If I write the word picnic, what do you imagine? Maybe it is a spread of sandwiches and pastries and baked goods spread over a soft blanket. In the middle of trees or on an isolated plain with a beautiful view. You will probably think of it this way - the view and food immortalised by Enid Blyton and her rich description of picnic food through her books. But what is the Indian take on a picnic? What was our historic alternative to this British setting? I loved this read about food and picnics from the Indian perspective. 🧺
Centuries before British sahibs and cold champagne came to India, Indians were enjoying recreational outdoor eating their own way. Classical Indian art and literature are strewn with references to picnics and garden parties of the upper crust. A terracotta sculpture from the Sunga period (185-73 BCE) discovered in Kaushambi, for instance, “portrays a picnic party moving in a chariot”. In its centre is a big platter of “cooked food with clear suggestion of rice, sweet balls, round cakes, etc.,” writes Vinod Chandra Srivastava in his book History of Agriculture in India, Up to C. 1200 AD.
The last read for this issue is a beautiful conversation around how philosophy can explain love and heartbreak. We have failed to understand how rich and complex love can be as an emotion and routinely reduce it to the feeling of happiness. But it’s so much more. And the philosophical angles to love will make you appreciate the finer things. In everything. Enjoy reading this conversation on love and philosophy. ❤️
What I try to do is talk about a kind of love that has space for the full range of human emotions. That includes happiness, of course, but also sadness and anger. And also just the day-to-day, grayscale grind of getting up and going to work and not feeling particularly any kind of way about that, just doing it.
Those are most people’s lives day to day. Most people are not particularly happy all the time. Most people are not particularly sad all the time, although some of us have experienced that.
But what I want to say is all of these emotions are valid. All of these feelings are part of being human and being alive. And I think that means they should be part of love
This week was spent in reading Status Anxiety by Alain de Botton. Wise, funny and full of wonderful insights, this book is a study into how our status markers have changed throughout the centuries. By examining that, we can better understand why some things affect us the way they do and cause so much anxiety. Various external factors dictate what we treat as high and low status. This book is also a look at how different generations tackled this whole concept of status. Alain de Botton’s writing is one of my favourite styles - warm, witty and full of hope. Give it a go!
Some quotes before I meet you next week -
“The coolest most amazing people I have met in my life, I said, are the ones who are not very interested in power or money, but who are very interested in laughter and courage and grace under duress and holding hands against the darkness, and finding new ways to solve old problems, and being attentive and tender and kind to every sort of being, especially dogs and birds, and of course children.”
- Brian Doyle
“Empathy isn't just something that happens to us - a meteor shower of synapses firing across the brain - it's also a choice we make: to pay attention, to extend ourselves.

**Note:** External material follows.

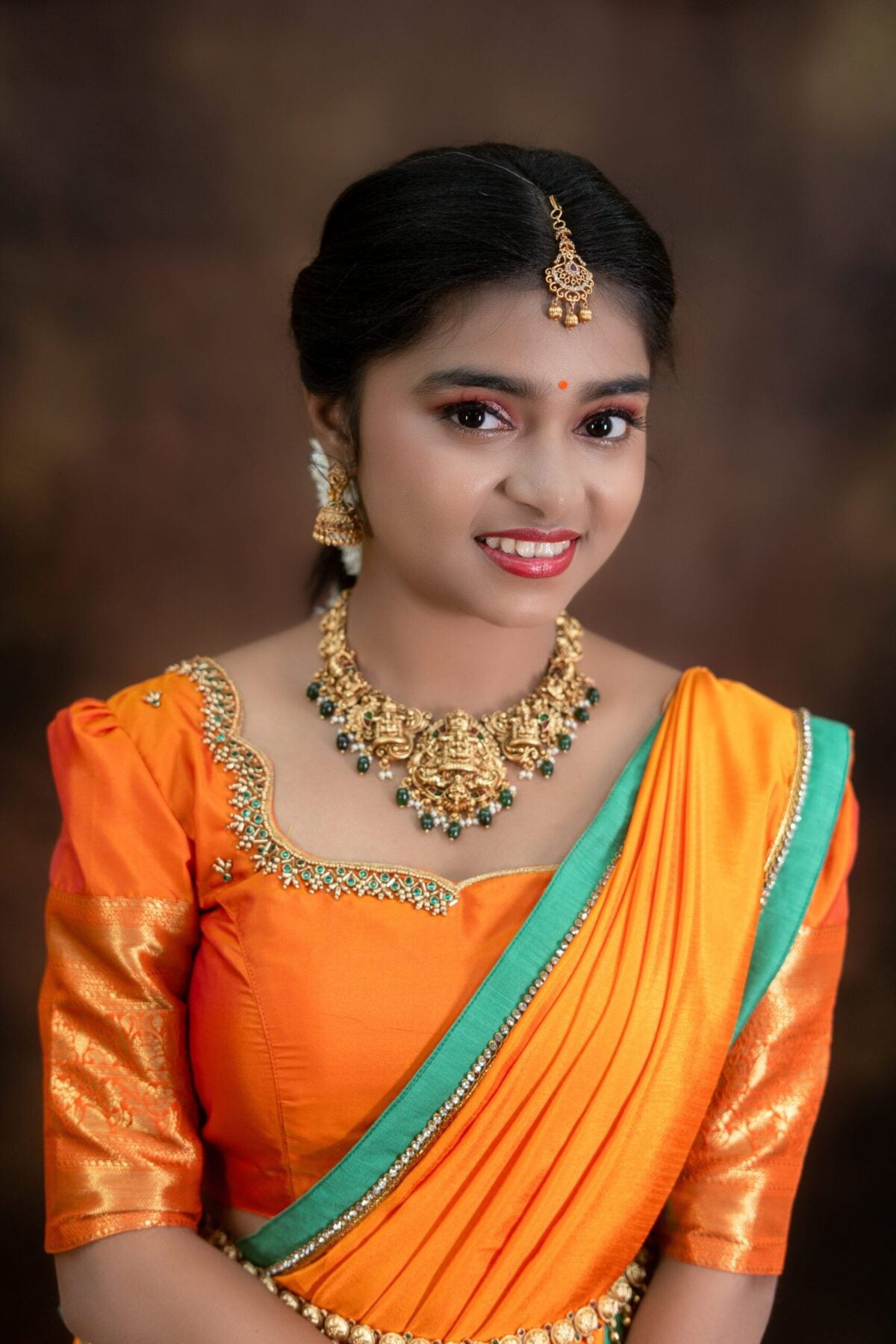 Semi Banarasi Lehenga with Aari Blouse & Lace Work Dupatta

It's made of exertion, that dowdier cousin of impulse. Sometimes we care for another because we know we should, or because it's asked for, but this doesn't make our caring hollow. This confession of effort chafes against the notion that empathy should always rise unbidden, that genuine means the same thing as unwilled, that intentionality is the enemy of love. But I believe in intention and I believe in work. I believe in waking up in the middle of the night and packing our bags and leaving our worst selves for our better ones.”
- Leslie Jamison
“Every man rushes elsewhere into the future, because no man has arrived at himself.”
-Montaigne
“Peace of mind does not come from finding an indisputable way of enhancing our status, it comes from discovering a sufficiently elevated and distant angle from which to look at everything we are and do in order finally to understand that we are blessedly and thankfully irrelevant to everything.”